Web application single sign-on (SSO) solutions such as Okta® are quite popular now. In fact, these solutions – often called first generation Identity-as-a-Service (IDaaS) platforms – might be the most popular in the entire identity and access management (IAM) category. As a result, many IT admins are looking for comparisons and alternatives in the web app SSO space. Specifically, this blog post will focus on replacements to Okta, but we should outline the development of the SSO category first.
SSO and Okta
It’s interesting to walk back through history to understand why web application single sign-on solutions are even here today. At a high level, it is because web applications have become incredibly popular, but there are deeper reasons from an identity management perspective.
In the early 2000s, Microsoft® Active Directory® (AD) quickly became the directory service of choice for virtually all organizations. This made a lot of sense because most networks were essentially comprised of Windows® based systems and applications. Microsoft wanted to help IT admins control access to these IT resources, which is why they created an entire ecosystem of Windows-based management tools.
Of course, there was another driver here.
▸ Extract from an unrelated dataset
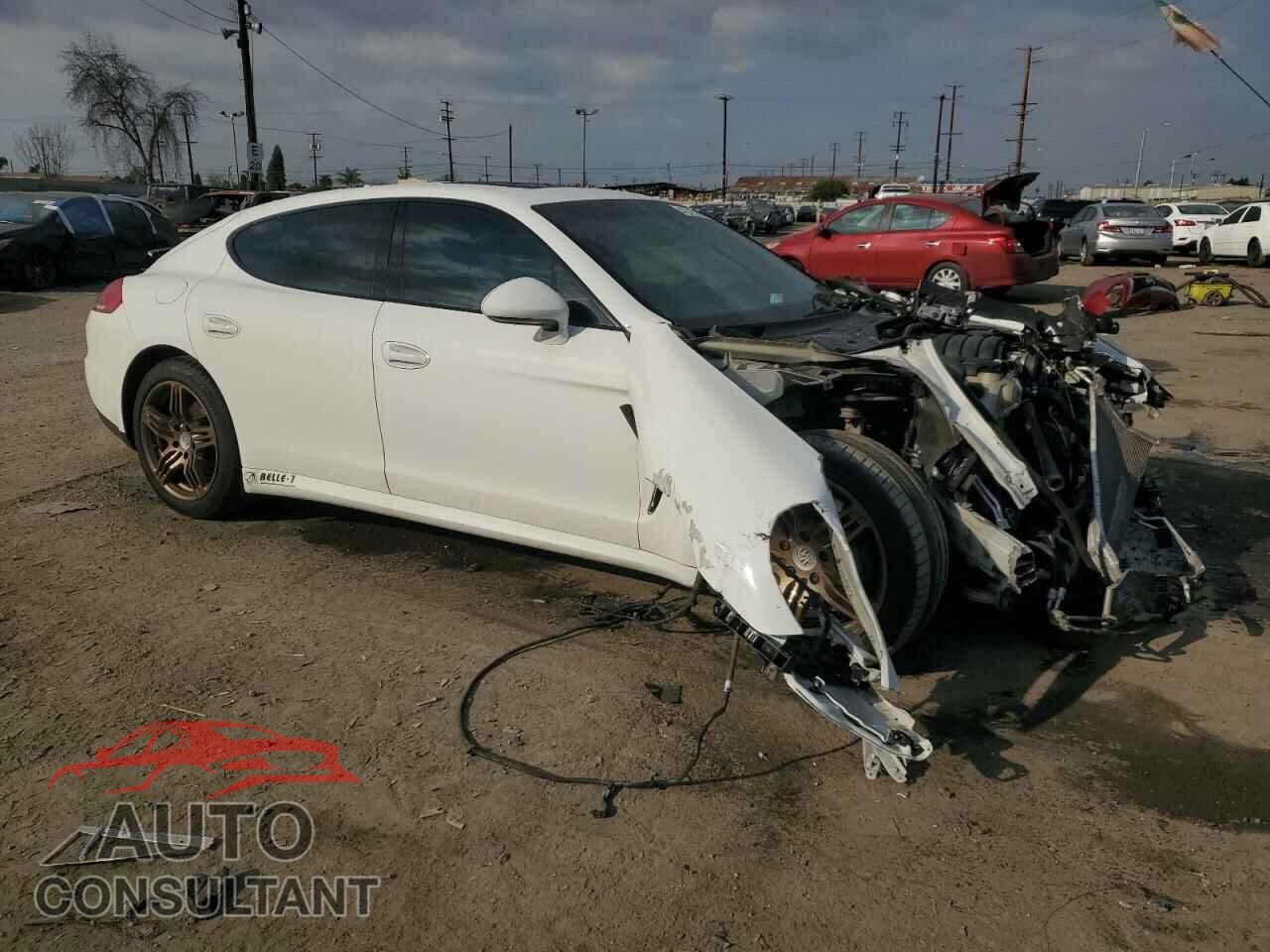 PORSCHE PANAMERA 2015 - WP0AA2A79FL006539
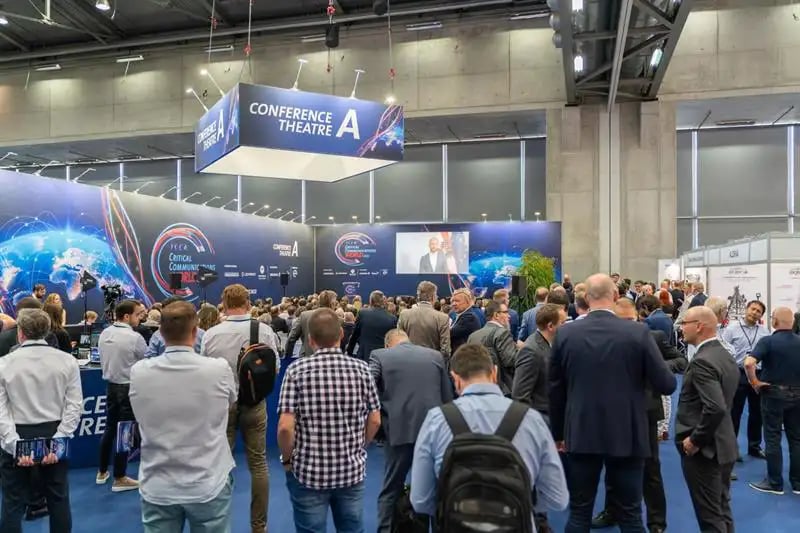Join our experts at CCW2025 Join our experts at CCW2025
Microsoft understood that if they made it easy to manage Windows users and systems, IT shops would purchase more Windows systems and applications. This self-reinforcing strategy and approach worked well for a number of years.
However, web applications continued to make a tremendous amount of progress, and IT organizations needed to start connecting their users to these off-prem, non-Windows based IT resources. Active Directory didn’t make that easy, so IT admins went searching for solutions and found a thriving category of web application single sign-on solutions.
These first generation IDaaS products, led by Okta, were tightly integrated with Active Directory and, as a result, identities were extended to web applications via web app SSO platforms. This approach worked well for a period of time as well – as long as most of the infrastructure was Windows-based with the one exception of web applications. But then, the IT environment morphed again.